栗鼠山は僕と話したくないと言った。もう僕と関わるのも嫌なのだろう。なら僕も、栗鼠山のことは考えるべきではないのかもしれない。
僕は出来るだけ、栗鼠山の事を考えずに家へと帰った。
雨牛が帰った後も栗鼠山は、体育館の裏に立っていた。その体は未だに震えている。
栗鼠山は雨牛の告白を断った。栗鼠山が震えている理由が、雨牛の告白を断るためだとしたら、栗鼠山の震えは、ある程度治まっているはずだ。
しかし、栗鼠山の震えは治まることはなかった。むしろ、先程よりも震えは大きくなっている。
栗鼠山が震えていると、物陰から一人の人間が出てきた。
その人間を見た瞬間、栗鼠山の震えはさらに激しさを増した。物陰から出てきた人間は、栗鼠山にゆっくりと近づいて来る。暗くて、その顔は分からない。
だが、栗鼠山はその人間が誰なのか知っている。
その人間は、雨牛が栗鼠山に告白する様子を全て見ていた。雨牛には見えない位置で、そして、栗鼠山の視界にギリギリ入る位置でじっと、見ていたのだ。

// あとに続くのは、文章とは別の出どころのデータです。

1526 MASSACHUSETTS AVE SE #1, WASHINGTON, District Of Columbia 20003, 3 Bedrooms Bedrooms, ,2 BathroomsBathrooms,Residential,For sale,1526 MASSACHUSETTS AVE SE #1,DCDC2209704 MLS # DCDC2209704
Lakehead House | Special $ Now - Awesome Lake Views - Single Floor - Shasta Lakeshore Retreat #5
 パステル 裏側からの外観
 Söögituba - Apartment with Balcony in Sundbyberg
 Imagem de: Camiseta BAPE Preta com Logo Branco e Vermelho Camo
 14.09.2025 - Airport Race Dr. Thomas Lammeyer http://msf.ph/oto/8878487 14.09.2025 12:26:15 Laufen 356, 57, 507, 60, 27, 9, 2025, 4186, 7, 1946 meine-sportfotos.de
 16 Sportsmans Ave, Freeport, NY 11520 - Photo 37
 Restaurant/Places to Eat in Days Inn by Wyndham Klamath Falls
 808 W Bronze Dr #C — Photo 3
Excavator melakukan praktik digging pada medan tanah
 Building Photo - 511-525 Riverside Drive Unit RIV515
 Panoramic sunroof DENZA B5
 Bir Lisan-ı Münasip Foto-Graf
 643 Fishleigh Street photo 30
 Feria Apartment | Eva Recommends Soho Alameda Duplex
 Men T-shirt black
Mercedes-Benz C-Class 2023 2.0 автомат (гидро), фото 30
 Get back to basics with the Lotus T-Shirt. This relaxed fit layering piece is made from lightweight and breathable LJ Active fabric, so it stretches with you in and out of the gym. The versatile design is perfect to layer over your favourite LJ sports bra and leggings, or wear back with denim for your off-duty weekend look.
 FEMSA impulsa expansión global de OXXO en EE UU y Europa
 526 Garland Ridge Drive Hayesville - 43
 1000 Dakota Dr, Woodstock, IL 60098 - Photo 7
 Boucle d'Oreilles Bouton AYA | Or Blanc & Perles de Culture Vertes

物陰から出てきた人間は栗鼠山の前でピタリと止まった。栗鼠山の震えは、全身に広がっている。顔は血の気が引いたように真っ青で、目はせわしなく泳いでいる。
雨牛は最初、栗鼠山が震えている原因は
『波布さんと付き合っているので、もう会わないようにしよう』と自分に言われるのを恐れているためだと思った。しかし、それが間違いだと気付くと、今度は『告白を断るための緊張』で震えていると結論付けた。
しかし、それも間違いだった。
栗鼠山が震えている原因、それは『恐怖』によるものだった。ほとんどの生物が持っているもっとも原始的な恐怖。『捕食者に喰われる』という死の恐怖だ。
「こ、こ、これで、良かったんでしょ?」
栗鼠山は震える声で、目の前の人物の名前を言う。
「波布さん」
風が吹き、雲が動く。雲に隠れていた月が顔を出し、月光が少女を照らした。
「はい、よくできました」
月光に照らされた波布は冷たく、凍りついた笑顔を栗鼠山に向けた。